SAR4SLPs: An Asynchronous Survey of Speech-Language Pathologists' Perspectives on Socially Assistive Robots
Denielle Oliva, Abbie Olszewski, David Feil-Seifer
TL;DR
This paper investigates how socially assistive robots (SARs) can augment speech-language pathology (SLP) practice in the context of workforce shortages and high caseloads. Using an asynchronous remote community (ARC) with practicing SLPs in Nevada, the study collects clinician insights on engagement, nonverbal expressiveness, and domain-specific design requirements for SARs across four weeks. Key findings show that SLPs view SARs as promising motivators, companions, and practice partners, while emphasizing that robots should augment rather than replace clinicians and must support accurate articulation, language, and social communication tasks through expressive, personalized, and data-capable functionality.

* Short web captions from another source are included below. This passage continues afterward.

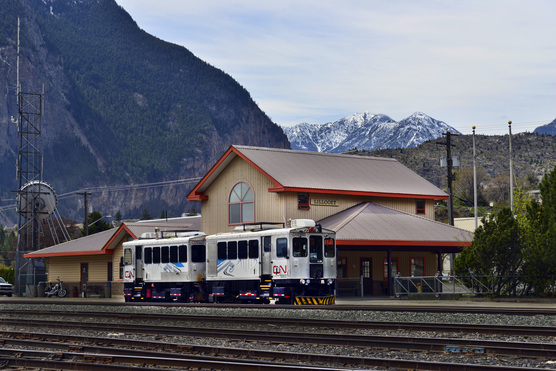 今日 BC 省内的載客火車，僅餘一列有 32 個座位的 Kaoham 小型火車。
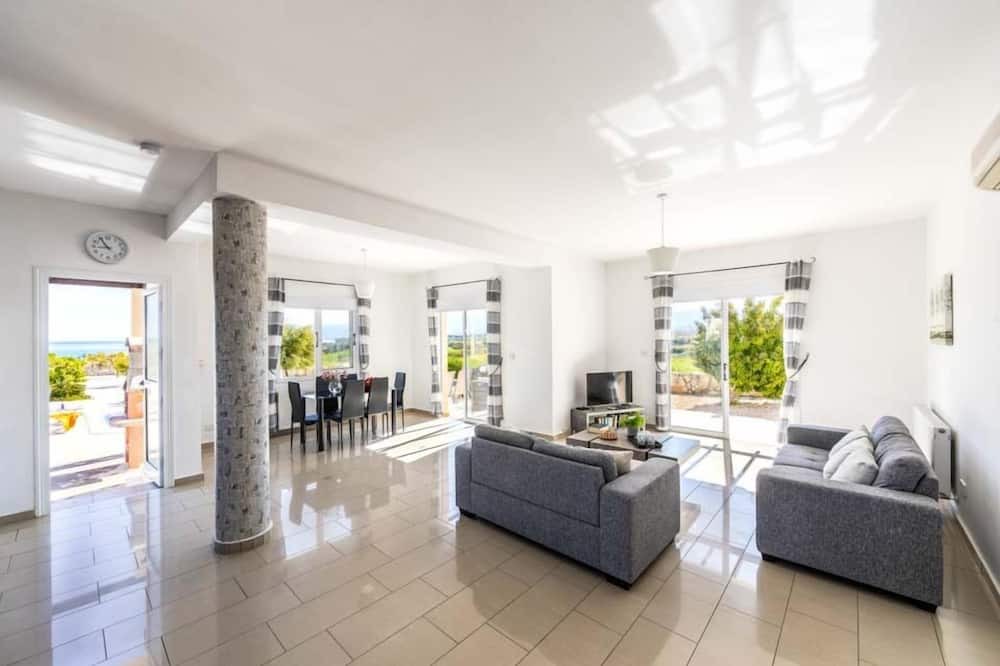 Photo of Livingroom in Latchi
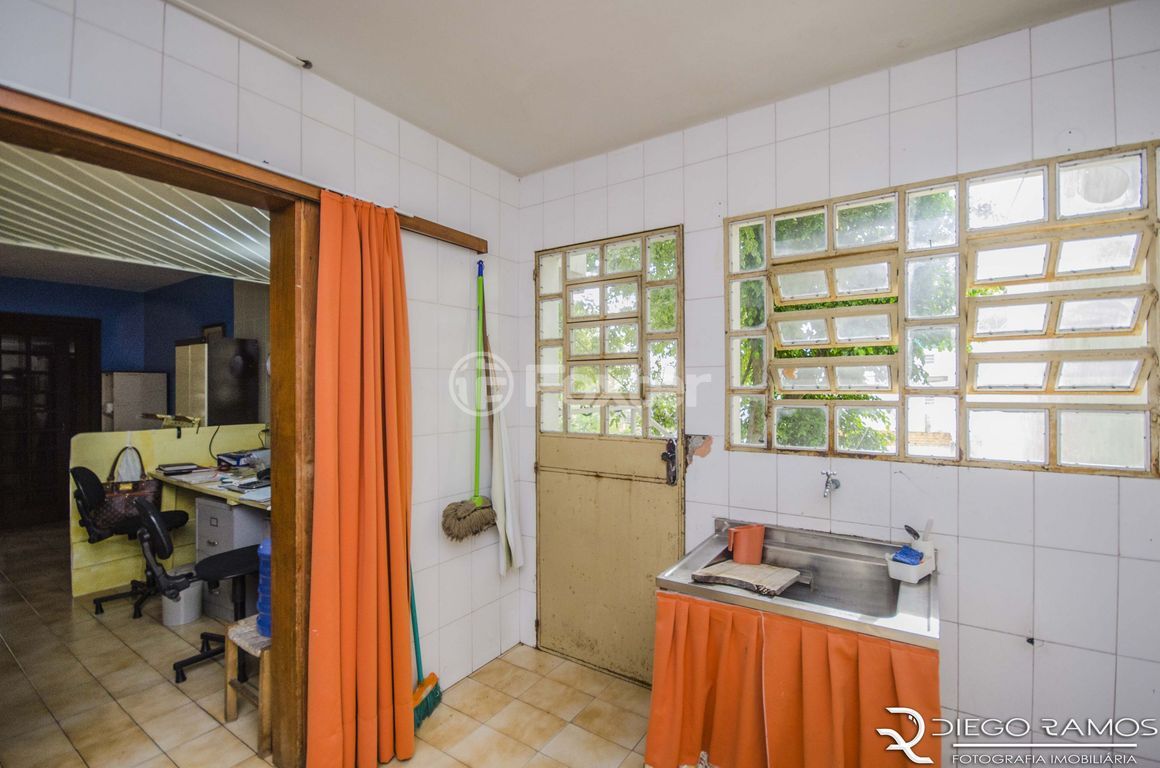 casa sobrado para comprar em Roque Calage, 382 - foto 20
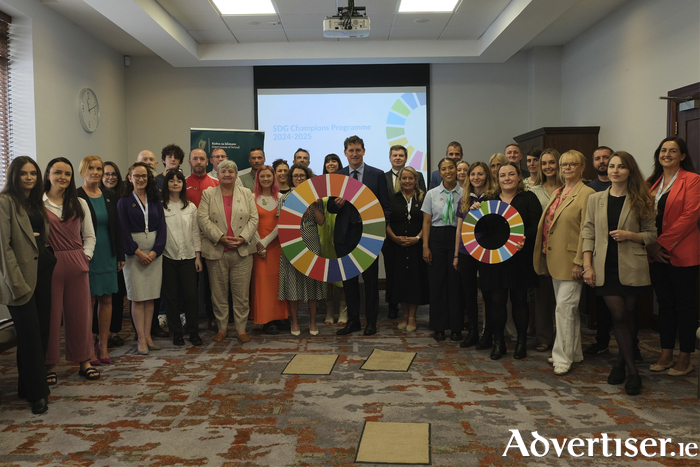 Minister Eamon Ryan with 20 new Sustainable Development Goals champions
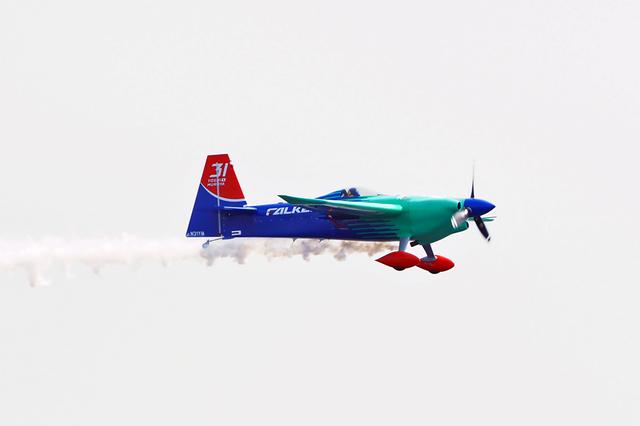 画像: 決勝スタート時の室屋機。バーティカルターンに入るまでは、ホール選手をわずかにリードしていたのだが…。
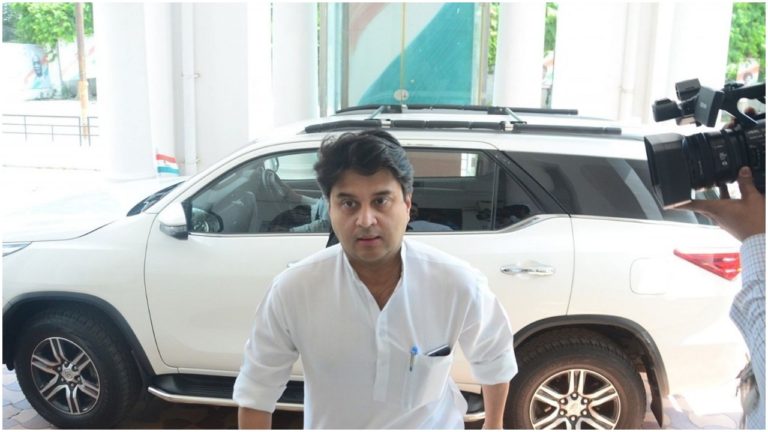 ज्योतिरादित्य सिंधिया ने कमलनाथ और दिग्विजय सिंह पर साधा निशाना, कहा- ‘टाइगर अभी जिंदा है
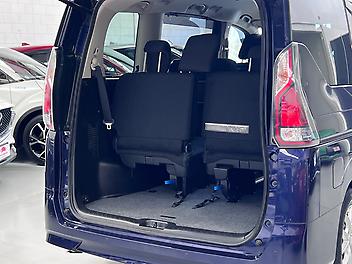 2017 Nissan Serena 2.0 L HYBRID V PACKAGE | 8 SEATER | ADAPTIVE CRUISE CONTROL 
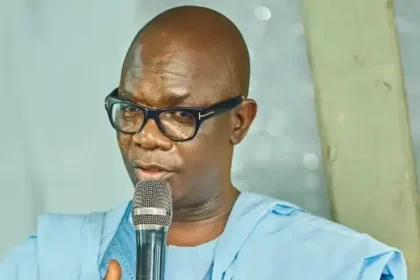 Agboola Ajayi Officially Returns to APC in Ondo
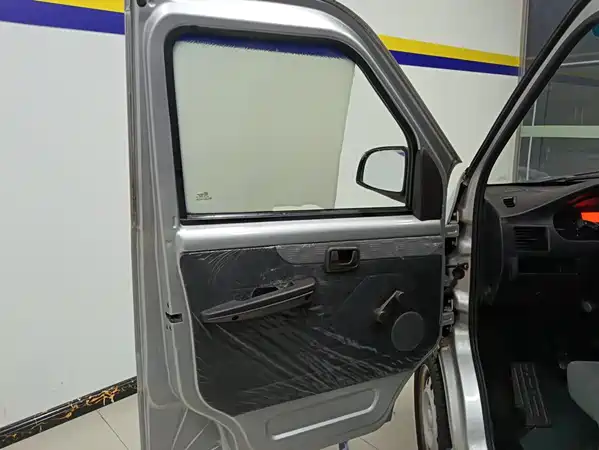 Wuling Rongguang 2014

The work provides practitioner-informed design implications and highlights the need for human-centered co-design and further validation with diverse settings and client populations to realize SARs’ practical impact in SLP contexts.
Abstract
Socially Assistive Robots (SARs) offer unique opportunities within speech language pathology (SLP) education and practice by supporting interactive interventions for children with communication disorders. This paper explores the implementation of SAR4SLPs (Socially Assistive Robots for Speech-Language Pathologists) to investigate aspects such as engagement, therapeutic strategy discipline, and consistent intervention support. We assessed the current application of technology to clinical and educational settings, especially with respect to how SLPs might use SAR in their therapeutic work. An asynchronous remote community (ARC) collaborated with a cohort of practicing SLPs to consider the feasibility, potential effectiveness, and anticipated challenges with implementing SARs in day-to-day interventions and as practice facilitators. We focus in particular on the expressive functionality of SARs, modeling a foundational strategy that SLPs employ across various intervention targets. This paper highlights clinician-driven insights and design implications for developing SARs that support specific treatment goals through collaborative and iterative design.